Une affaire de couleurs
Conséquence, cette victoire paradoxale a conduit les débats sur le jeu de la sélection de Deschamps à deux mortifères impasses. D’abord la question des origines ethniques des joueurs, comme si l’on pouvait réduire un succès sportif à des motifs ethniques ou raciaux. Ensuite, l’esthétique comme si le problème était de savoir si l’éthique de jeu se résumait à une pure question d’agrément ("jouer moche" ou pas) c’est-à-dire de goût et de couleurs. Le propos n’est pas ici de revenir sur ces deux polémiques vaines et non-pertinentes pour le sujet qui nous importe (si ce n’est pour souligner que dans les deux cas il s’agit bien d’un problème de "couleurs") mais de mettre en évidence combien une équivoque sur les principes défendus mène irrémédiablement à un quiproquo sur l’interprétation du succès.
C’est le propre de l’idéologie sommaire de la gagne à tout prix. Si plus rien ne compte, si le chemin parcouru n’a que peu d’importance à l’égard de la destination, si seule importe l’efficacité des moyens employés sans aucun égard pour le sens de l’action que l’on est en train de mener, alors abandonnons tout sport collectif, renonçons au spectacle, devenons des machines dociles et contentons-nous de contempler les couleurs des vainqueurs et des tableaux d’affichage. Projet pour le Mondial 2022 : ne plus perdre de temps et ne regarder que la finale.
Bienvenue à Ellives
La question que pose Moscou 2018 n’est pas une lubie d’esthète en mal de "philosophie personnelle". Non la question posée est d’abord éthique : que défend-on quand on défend le maillot français ? En d’autres termes, comment faire pour qu’une victoire sportive ne se transforme pas en une gigantesque fable morale dirigée à notre encontre ? Comment réconcilier la victoire sportive et le triomphe moral ? N’est-il pas l’heure de définir une éthique de jeu qui défendrait autre chose que son propre intérêt à court terme ?

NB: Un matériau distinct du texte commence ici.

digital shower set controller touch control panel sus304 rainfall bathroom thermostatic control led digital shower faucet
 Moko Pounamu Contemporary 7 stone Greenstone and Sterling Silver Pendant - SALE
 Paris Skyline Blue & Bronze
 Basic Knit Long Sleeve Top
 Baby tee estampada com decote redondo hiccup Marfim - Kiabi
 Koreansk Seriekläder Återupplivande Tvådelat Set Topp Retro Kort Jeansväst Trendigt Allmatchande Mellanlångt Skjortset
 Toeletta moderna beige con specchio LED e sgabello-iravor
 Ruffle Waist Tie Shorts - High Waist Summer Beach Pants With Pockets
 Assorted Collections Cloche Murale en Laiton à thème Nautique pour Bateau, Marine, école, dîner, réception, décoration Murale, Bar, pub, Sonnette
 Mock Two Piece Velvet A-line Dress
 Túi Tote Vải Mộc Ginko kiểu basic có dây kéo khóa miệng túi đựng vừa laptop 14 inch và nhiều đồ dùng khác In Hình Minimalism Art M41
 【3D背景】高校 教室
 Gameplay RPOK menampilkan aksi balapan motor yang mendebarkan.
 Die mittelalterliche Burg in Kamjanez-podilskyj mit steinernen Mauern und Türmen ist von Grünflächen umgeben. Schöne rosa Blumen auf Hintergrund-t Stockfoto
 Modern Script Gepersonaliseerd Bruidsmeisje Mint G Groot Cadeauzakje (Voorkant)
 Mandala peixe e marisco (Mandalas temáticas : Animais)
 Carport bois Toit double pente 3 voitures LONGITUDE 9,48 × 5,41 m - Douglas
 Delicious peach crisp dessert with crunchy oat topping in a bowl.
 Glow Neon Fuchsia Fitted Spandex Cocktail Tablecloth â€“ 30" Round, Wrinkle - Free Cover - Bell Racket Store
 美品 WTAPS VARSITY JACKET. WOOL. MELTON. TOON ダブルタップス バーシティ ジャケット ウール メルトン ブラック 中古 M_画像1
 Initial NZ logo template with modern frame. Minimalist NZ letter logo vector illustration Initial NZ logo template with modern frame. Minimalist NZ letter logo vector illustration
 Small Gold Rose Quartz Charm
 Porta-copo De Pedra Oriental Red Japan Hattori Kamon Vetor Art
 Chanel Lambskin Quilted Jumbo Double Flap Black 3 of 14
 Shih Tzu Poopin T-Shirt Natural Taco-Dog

En attendant d’y répondre, le constat, s’il est honnête, doit admettre un fait désormais historique : en dépit d’un effectif brillant et d’un héritage riche en diversité tactique et intellectuelle, la France de 2018 est devenue l’Allemagne de 1982 et 1990, l’Italie de 1982 et 2006 : quatre des équipes les plus détestées de l’histoire des palmarès. Ouvrons les yeux : Moscou 2018 n’est pas France 98 (un Mondial à domicile après deux éliminations successives). Non, Moscou 2018 c’est Séville 82, mais à l’envers.